European governments mustn’t stay mum over Baloch Journalist’s death

It’s the same every time, the story breaks out, gets written and advertised for at least a month before it disappears from the radars of the press. The story starts with a body dumped into a river. The body of a Baloch journalist, Sajid Hussain.
Unfortunately, it is not uncommon to find mutilated dead bodies, in various stage of decomposition and beyond recognition dotting the roads of Balochistan; it is part of the nefarious ‘kill and dump’ policy of Pakistani intelligence agencies highlighted many times by human rights organizations, both national and international. But this time, there was a twist in the usual plot.
Sajid was dumped into a river, but the river was in Uppsala, Sweden – the place where he had fled to and asked for political asylum. “His body was found on 23 April in the Fyris river outside Uppsala,” Jonas Eronen, a police spokesman, said. A crime could not be completely ruled out, but Hussain’s death could easily have been either an accident or suicide. And now, even after more than three months, the Swedish authorities have not given any response.
His family was allowed to see the body after two months, and have been denied permission to bury Sajid in Balochistan by the Interior Ministry until Pakistan’s Inter-Services Intelligence (ISI) does not give permission. The clearance was given on July 30 but, with the clearance, another strange thing happens.

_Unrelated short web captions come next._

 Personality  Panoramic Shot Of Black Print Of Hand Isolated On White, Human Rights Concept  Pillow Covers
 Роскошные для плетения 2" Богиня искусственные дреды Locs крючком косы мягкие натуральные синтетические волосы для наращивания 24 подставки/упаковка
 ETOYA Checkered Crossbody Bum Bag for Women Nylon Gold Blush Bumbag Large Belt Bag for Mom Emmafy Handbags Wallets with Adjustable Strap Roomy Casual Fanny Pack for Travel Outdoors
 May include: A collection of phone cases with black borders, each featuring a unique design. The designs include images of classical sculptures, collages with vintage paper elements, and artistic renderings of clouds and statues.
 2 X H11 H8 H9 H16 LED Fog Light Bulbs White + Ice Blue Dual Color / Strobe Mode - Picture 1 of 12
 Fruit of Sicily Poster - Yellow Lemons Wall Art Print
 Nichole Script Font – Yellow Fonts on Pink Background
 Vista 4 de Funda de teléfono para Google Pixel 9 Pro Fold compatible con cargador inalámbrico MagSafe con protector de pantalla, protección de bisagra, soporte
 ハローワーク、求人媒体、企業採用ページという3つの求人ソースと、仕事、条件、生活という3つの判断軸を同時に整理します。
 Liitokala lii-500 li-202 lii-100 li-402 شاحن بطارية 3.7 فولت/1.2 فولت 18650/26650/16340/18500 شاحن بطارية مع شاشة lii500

An Urdu newspaper, in Pakistan, carried a story on Sajid quoting the police report on his death. According to the article, the investigative reports states that Sajid has not been killed but his death was an accident. Point is, nobody has this police report and the person the article is quoting as a source, Taj Baloch, who was Sajid’s flatmate, has no idea of what the article is talking about.
The family, until today, has not been given any investigative report and the Swedish police are not even releasing the post mortem report – not to the family or the lawyers, even after more than three months. According to sources close to the family: “There must be something political and diplomatic going on between Sweden and Pakistan”.
And there must be for sure, because this is just unbelievable, especially for a European citizen that Sweden is behaving in this particular way – similar to Pakistan.
And, if the article tells the truth, it is even worst: giving reports to Pakistani press and intelligence agencies (don’t forget, in Pakistan, press is controlled by the agencies) before the family is informed is not only against the law but against any decency.
The Swedish police should answer many questions, and quickly: Why the investigations about Sajid’s death started only the March 28 if he disappeared on March 2? Why during all this time they did not give any news to the family about the developments of the case? Why after a round of inquiries, there was only a deafening silence? How a body can stay for almost two months in a river which, by definition, flows? Why the post mortem report is not out after more than three months? And, why somebody who had survived ISI and Frontier Corps ‘attention’ would go and drop himself in a river in Sweden?
The article, quoting the police report on his death, is perfectly in line with the ISI behaviour, and they are most probably trying to cook up a story in order to wash their hands off Sajid’s death.
But, since Sajid had been granted political asylum, Swedish authorities must have been familiar with Pakistan’s behaviour toward its own citizens.
A number of human rights organizations have been openly calling out Pakistani ISI for Sajid’s murder. But, apparently, no attempt of investigation has been done. No country and no official international body is even trying to charge Pakistan for enforced disappearances and kill and dump, even though they violate international treaties and laws.
Filing Sajid’s disappearance and murder as an ‘accident or suicide’ case is very tempting, because it will allow Swedish Government, and other European governments after it, to deny what is happening under their own noses. Sajid is dead, but his death should not be taken lightly. European governments are responsible for the safety of their citizens.
Democratic governments are responsible for the freedom of those fleeing dictatorial, military regimes. Silence and connivance with those regimes in the name of diplomatic relationships are as criminal as the deeds of the perpetrators.